Steve Miska, Executive Director, First Amendment Voice

Steve Miska is a Pacific Council member and the Executive Director of First Amendment Voice, a nonpartisan effort to reinvigorate civic awareness around free expression, religious liberty, press freedom, and other first amendment issues. Steve retired as a Colonel after 25 years in the Army. His last assignment was teaching graduate students for three years as the Army Chair at Marine Corps University. Previously, he served in the White House as Director for Iraq on the National Security Council. In 2007, on his second of three combat tours, Steve led a team that established an underground railroad for dozens of interpreters from Baghdad to Amman to the United States. He earned top academic honors as a Counterterrorism Fellow at the College of International Security Affairs and has taught economics at the United States Military Academy, West Point.

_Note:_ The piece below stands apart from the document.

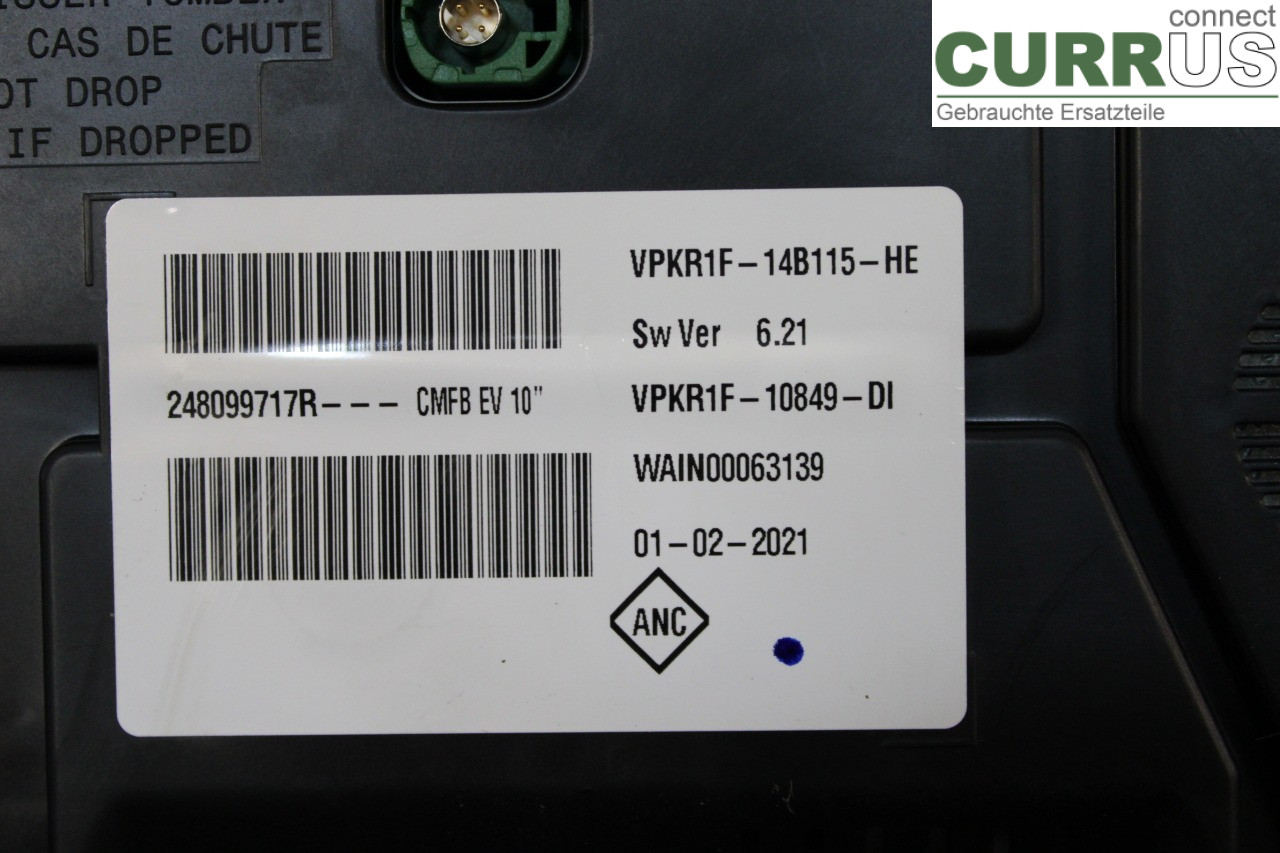 RENAULT ZOE 13-> Instrumentenkombination 248096175R 5AQ-80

Steve routinely speaks on first amendment issues and soft networks and has addressed DIA, RAND, the Pacific Council on International Policy, the Young Presidents Organization of LA, and numerous media outlets and think tanks. He holds degrees from Cornell University, National Defense University, and West Point. He and his wife of 29 years have two children and reside in Southern California. Read more.

Moderator:

Emma Sky, Director, Maurice R. Greenberg World Fellows Program, and Senior Fellow, Yale University’s Jackson Institute

Emma Sky is the author of the highly acclaimed The Unravelling: High Hopes and Missed Opportunities in Iraq (2015) and In a Time of Monsters: Travelling in a Middle East in Revolt (2019). Emma served as advisor to the Commanding General of US Forces in Iraq from 2007-2010; as advisor to the Commander of NATO’s International Security Assistance Force in Afghanistan in 2006; as advisor to the US Security Co-ordinator for the Middle East Peace Process in 2005; and as Governorate Co-ordinator of Kirkuk for the Coalition Provisional Authority, 2003-2004. Read more.

Background:

Baghdad Underground Railroad: Saving American Allies in Iraq explores how a small team of soldiers tried to save their interpreters, and themselves, amidst extreme violence during the Iraq War. Two-thirds of the story is set in Iraq with the final third exploring how the interpreters assimilated within the United States with the courageous women who sponsored them.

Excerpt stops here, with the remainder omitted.